Given records Start Marker

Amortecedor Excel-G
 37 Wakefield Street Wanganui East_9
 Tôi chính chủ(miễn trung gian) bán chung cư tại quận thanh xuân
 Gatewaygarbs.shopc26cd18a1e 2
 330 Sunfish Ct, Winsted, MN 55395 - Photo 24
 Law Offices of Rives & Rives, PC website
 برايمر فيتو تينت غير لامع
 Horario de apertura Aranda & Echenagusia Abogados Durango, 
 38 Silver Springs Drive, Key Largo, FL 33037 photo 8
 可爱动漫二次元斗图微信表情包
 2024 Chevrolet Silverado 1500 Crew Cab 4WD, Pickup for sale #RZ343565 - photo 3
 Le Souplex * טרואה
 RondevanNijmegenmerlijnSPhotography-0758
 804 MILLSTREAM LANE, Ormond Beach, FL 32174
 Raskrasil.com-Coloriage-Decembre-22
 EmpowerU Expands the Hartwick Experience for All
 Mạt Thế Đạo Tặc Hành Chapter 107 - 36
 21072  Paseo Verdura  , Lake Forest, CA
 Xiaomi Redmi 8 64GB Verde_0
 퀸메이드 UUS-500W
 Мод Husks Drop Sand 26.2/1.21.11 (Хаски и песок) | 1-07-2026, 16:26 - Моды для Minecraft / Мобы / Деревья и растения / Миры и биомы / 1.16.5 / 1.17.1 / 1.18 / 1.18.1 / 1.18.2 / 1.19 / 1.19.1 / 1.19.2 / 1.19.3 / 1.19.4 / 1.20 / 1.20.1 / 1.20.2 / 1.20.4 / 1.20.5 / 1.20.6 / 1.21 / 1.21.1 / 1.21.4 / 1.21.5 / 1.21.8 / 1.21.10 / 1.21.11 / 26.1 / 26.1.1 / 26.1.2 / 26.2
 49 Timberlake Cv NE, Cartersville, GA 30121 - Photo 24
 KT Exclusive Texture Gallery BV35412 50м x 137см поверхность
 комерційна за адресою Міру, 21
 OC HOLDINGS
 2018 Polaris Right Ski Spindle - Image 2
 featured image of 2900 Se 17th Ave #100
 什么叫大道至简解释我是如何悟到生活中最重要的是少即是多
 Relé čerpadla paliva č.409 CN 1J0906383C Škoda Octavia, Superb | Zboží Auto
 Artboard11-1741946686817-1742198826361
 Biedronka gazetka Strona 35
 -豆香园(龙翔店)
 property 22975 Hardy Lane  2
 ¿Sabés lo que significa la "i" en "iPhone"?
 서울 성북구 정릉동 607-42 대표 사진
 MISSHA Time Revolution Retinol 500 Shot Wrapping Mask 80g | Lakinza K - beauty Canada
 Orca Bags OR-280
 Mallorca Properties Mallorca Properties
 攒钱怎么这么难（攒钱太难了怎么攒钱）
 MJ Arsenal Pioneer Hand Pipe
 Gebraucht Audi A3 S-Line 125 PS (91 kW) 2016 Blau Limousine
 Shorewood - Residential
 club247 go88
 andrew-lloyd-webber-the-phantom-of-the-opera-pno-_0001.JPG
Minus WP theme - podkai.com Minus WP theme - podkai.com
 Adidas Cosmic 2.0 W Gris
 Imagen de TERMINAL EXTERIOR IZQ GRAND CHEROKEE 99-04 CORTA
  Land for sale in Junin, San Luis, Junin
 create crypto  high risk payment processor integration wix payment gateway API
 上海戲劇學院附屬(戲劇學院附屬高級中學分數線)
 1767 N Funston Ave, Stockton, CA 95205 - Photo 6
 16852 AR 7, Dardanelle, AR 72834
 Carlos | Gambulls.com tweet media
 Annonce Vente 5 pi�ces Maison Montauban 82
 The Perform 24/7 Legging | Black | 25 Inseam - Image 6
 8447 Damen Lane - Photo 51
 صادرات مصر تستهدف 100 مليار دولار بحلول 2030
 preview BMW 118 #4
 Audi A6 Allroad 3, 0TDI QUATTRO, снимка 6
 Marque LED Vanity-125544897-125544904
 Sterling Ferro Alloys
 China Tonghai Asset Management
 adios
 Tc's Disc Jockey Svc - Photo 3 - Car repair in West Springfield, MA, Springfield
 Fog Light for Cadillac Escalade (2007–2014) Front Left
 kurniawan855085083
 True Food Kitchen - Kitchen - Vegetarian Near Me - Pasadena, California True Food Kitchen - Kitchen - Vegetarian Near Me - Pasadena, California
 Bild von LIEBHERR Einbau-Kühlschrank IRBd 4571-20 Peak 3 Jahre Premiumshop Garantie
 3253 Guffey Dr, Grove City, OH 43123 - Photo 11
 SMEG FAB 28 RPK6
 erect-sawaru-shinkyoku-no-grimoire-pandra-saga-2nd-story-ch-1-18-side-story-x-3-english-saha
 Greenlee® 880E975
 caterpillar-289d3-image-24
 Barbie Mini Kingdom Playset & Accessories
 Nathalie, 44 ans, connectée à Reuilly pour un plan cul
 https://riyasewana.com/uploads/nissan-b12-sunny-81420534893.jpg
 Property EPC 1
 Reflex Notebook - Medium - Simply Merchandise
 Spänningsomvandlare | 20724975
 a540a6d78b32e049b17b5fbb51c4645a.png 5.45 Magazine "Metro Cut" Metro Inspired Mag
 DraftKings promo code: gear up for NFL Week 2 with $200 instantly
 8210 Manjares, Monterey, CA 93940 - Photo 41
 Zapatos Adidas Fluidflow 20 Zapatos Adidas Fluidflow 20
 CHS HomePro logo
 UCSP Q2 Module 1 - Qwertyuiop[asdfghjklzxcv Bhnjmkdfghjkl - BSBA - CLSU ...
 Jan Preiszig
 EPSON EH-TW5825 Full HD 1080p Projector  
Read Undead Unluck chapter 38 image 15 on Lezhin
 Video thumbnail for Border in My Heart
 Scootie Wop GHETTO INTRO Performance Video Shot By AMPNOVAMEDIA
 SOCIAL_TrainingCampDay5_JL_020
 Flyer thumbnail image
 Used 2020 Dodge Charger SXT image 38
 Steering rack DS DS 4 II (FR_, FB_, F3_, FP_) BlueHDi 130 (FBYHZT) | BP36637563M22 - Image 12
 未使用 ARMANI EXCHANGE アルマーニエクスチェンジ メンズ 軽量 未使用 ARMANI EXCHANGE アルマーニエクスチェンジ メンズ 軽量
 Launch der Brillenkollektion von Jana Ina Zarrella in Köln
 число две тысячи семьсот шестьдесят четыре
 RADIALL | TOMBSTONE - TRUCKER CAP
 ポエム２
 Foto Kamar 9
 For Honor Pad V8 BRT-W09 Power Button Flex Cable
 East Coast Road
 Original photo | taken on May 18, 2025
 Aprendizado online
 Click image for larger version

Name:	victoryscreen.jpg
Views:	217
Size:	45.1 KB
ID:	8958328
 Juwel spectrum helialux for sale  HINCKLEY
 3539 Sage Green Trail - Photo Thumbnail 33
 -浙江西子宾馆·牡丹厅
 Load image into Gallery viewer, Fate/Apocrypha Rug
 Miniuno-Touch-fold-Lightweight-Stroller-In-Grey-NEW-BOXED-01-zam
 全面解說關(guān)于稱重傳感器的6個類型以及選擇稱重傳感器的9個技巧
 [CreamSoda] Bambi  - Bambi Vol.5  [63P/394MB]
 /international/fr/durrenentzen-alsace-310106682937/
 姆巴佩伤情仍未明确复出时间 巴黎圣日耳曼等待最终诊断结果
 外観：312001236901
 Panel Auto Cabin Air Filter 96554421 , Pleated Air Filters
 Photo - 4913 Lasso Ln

Given records End Marker

> [What you are asked to do]
Where a line of the records includes "Video", copy it.

> [Response area]
 Video thumbnail for Border in My Heart
 Scootie Wop GHETTO INTRO Performance Video Shot By AMPNOVAMEDIA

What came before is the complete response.